On March 14, 2022, Moore re-signed with the Lions. He was waived/injured on August 30, and placed on injured reserve. Moore was released by Detroit on September 5.

===Houston Texans===
On October 18, 2022, Moore signed with the practice squad of the Houston Texans.

===Detroit Lions (second stint)===
On October 25, 2022, Moore was signed by the Lions off of the Texans' practice squad.

On March 18, 2023, Moore signed a two-year contract extension with the Lions.

On April 21, 2023, Moore was suspended indefinitely (at least one season) after it was discovered he had violated the league’s gambling policy by betting on NFL games. He was subsequently released by the Lions following the incident.

On April 18, 2024, Moore was reinstated by the league.

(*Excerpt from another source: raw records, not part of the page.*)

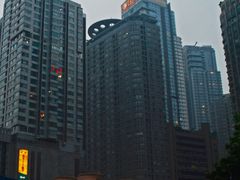 门面-日月光中心广场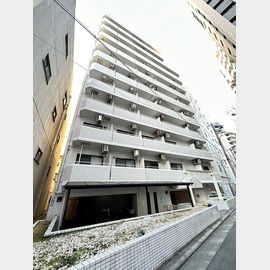 元町駅より徒歩10分 9階 築37年10ヶ月の賃貸物件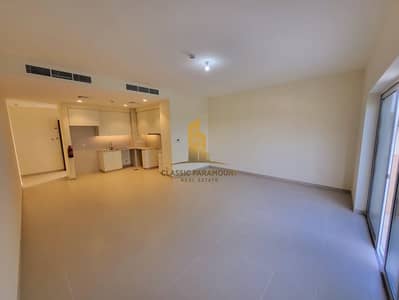 3 Bedroom Flat for Sale in Dubai South, Dubai - Bigger Plot | 3 Bedrooms | Vacant | Near Park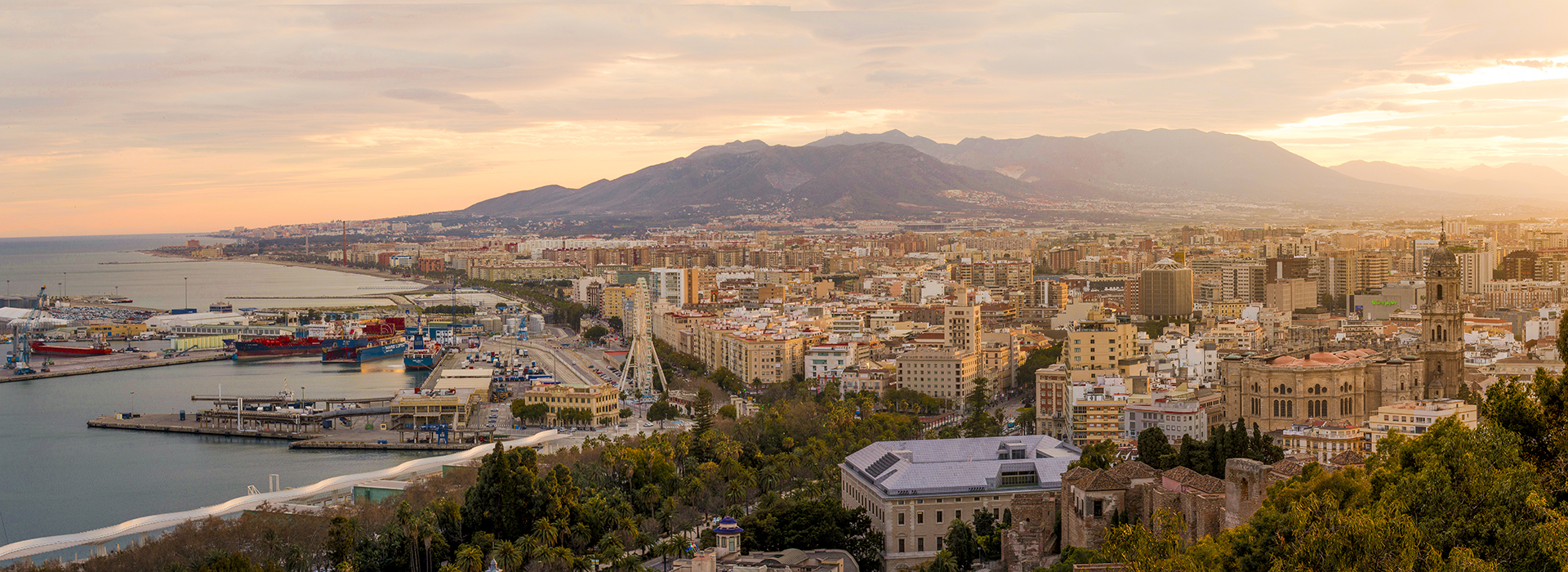 Read more about the article Spanish Language, Literature & Culture in Valencia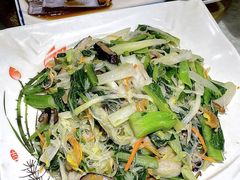 -东江海鲜大排档·潮汕菜·砂锅粥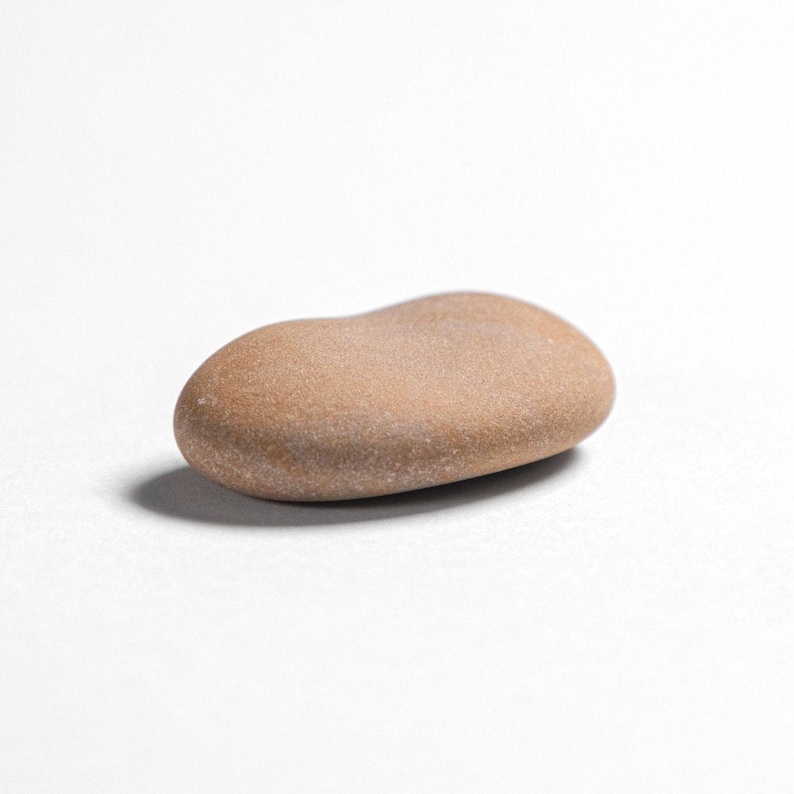 SKUAIER River Stone Chopstick Rest - Thumbnail 2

He was re-signed by the Lions on May 7. Moore was waived on August 27, and was subsequently re-signed to the practice squad, but released the next day.

==Personal life==
Moore has an identical twin brother, A. J. Moore, who was also a defensive back on the Ole Miss football team and is now an NFL free agent who formerly played for the Tennessee Titans. They played in the same defensive backfield for the Rebels.